The comments marked the first acknowledgment by the White House of Hungary’s sweeping rejection of Orban, which put an end to a 16-year run that served as inspiration for President Donald Trump, Vance and countless MAGA allies. Orban, in many ways, had been a model of governance for many in the MAGA movement who championed his advocacy for illiberal democracy abroad and sought to emulate it at home. Orban also took hardline stances against immigration and decried rights for those who identify as LGBTQ+.
“His legacy in Hungary is transformational — 16 years, fundamentally changing that country,” Vance said, explaining that his decision to stump with Orban last week was “not because we can't read polls. We certainly knew there was a very good chance that Viktor would lose that election. We did it because he's one of the few European leaders we've seen who has been willing to stand up to the bureaucracy in Brussels.”
Still, Vance’s inability to help Orban avoid a crushing loss opens the administration up to criticism that its ideas and officials are not the draw they hoped — and deeper existential questions about the future of populist nationalism.
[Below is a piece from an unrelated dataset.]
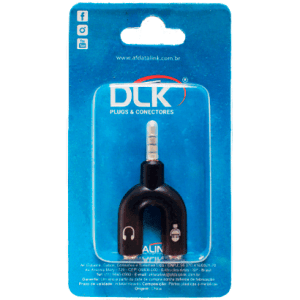 Adaptador P2 macho para 2 x P2 fêmea (Blister com 1 conector) .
“It’s embarrassing for them, and shattering in a way,” said Johan Norberg, a senior fellow at the Cato Institute, a libertarian think tank in Washington. “Much of the temptation of this whole populist right movement has been [the idea] that ‘we have people, real people, on our side — we have the future.’ Orban being re-elected again and again was a very powerful sign of that to them. So his suddenly being voted out with the largest majority ever in a democratic Hungarian election is a devastating blow to that whole narrative.”
Steve Bannon, a senior White House counselor to Trump during his first term, said in a text message that Orban’s defeat “better be a warning flare for November” and the looming midterm elections.
Trump, who has twice taken questions from reporters over the last 24 hours, has yet to make a public statement about the defeat of his closest political ally in Europe.
Inside the White House on Monday, aides suggested there were far more pressing matters being tended to, mostly the increasingly fragile ceasefire with Iran and new U.S. blockade in the Strait of Hormuz that Trump announced Sunday after direct talks in Pakistan sputtered.
But the Hungarian election had been a major priority just days earlier. Vance had traveled to Budapest last week and while Trump didn’t make the trip himself, he did call into the rally. And that eleventh hour campaign push came weeks after another visit by Secretary of State Marco Rubio.
Trump, in his remarks via telephone during Orban’s rally aside Vance last week, credited the autocrat for his strict immigration policy in particular, stating that he “kept your country strong, and he kept your country good, and you don’t have problems with all of the problems that so many other countries have.”
Beyond his own immigration crackdown with an expanded and hyper-aggressive core of immigration agents deployed in dozens of American cities, Trump has modeled other aspects of his governance on Orban’s own actions, be it vociferously attacking judges, bullying the media into greater submission or hollowing out the government by firing career civil servants.